May 11, 2017 News
As a response to concerns that were raised with members of the People’s Progressive Party Civic, regarding the imposition of 14 per cent Value Added Tax on private tuition, the party had moved a motion in the National Assembly
to have the issue debated.
This motion was brought by PPP/C MP and former Minister of Education, Priya Manickchand. She is of the belief that if the government of Guyana believes it is doing the right thing with imposing the tax, then its parliamentarians should not be running from a debate on the issue.
According to Manickchand, the disinterest by the government to have the issue debated in parliament is aided by the Speaker of the National Assembly, Barton Scotland. Manickchand was informed via a letter from the Speaker that the motion could have been discussed at the 64th sitting of the National Assembly.
“So what we had was, the Speaker looked at the motion, and corrected it, in my view unlawfully or without jurisdiction to do so. He did not communicate to me, the mover of the motion, anything in writing or otherwise that they were going to make corrections; made those corrections, placed the matter on the order paper and sent out notices to us and because I was terrified, I did not agree with the corrections or the amendments.”

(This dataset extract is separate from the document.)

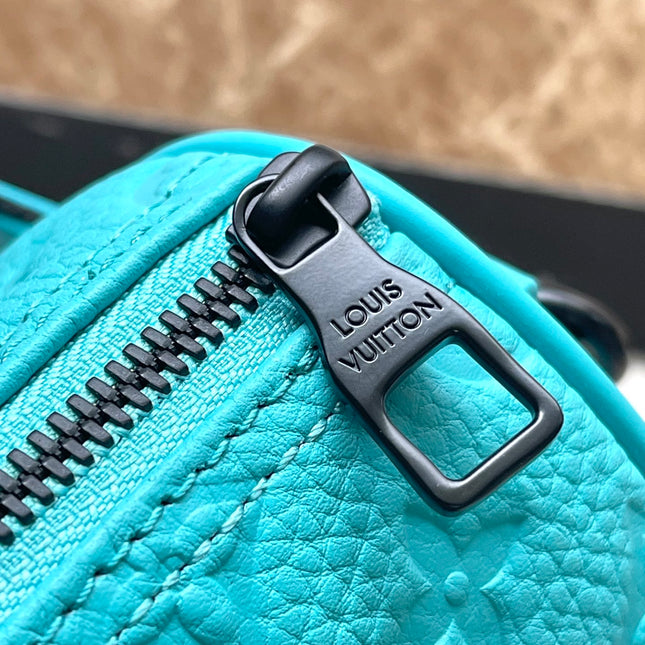 KEEPALL BANDOULIÈRE 25 IN TURQUOISE BLUE MONOGRAM EMBOSSED CALFSKIN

Manickchand said that not wanting to raise any objections to throw the motion off, her party did not react to the amendments. She said on Friday last she received a letter from the Clerk of the National Assembly, Sherlock Isaacs, informing her that the Speaker was killing the motion.
“A most untimely death because he suddenly changed his mind and decided that the motion had breached some rule or the other. This is another attempt to shut down debate on a very topical issue. This is the government bullying the people of Guyana. If you believe that your policy of imposing VAT on parents and students and families is a sound one then come here (parliament) and debate it.”
She added that representatives of private schools and parents had applied to conduct a protest outside of parliament but were denied permission. The former Minister said that parents have been very vocal in their objections to the imposition on them and their children both as it relates to services and goods.
“That is, they (parents) are finding it difficult to purchase basic things which their children need for school as well as to pay school fees. There have been weekly protests, sometimes bi-weekly protests against the government to raise awareness on the issue.”
She said that there is a petition which was sent to government containing 14,000 signatories. Further, three letters have been sent to PPP/C parliamentarians pleading for the imposition to be reversed or at least make an effort to have the issue debated in the National Assembly.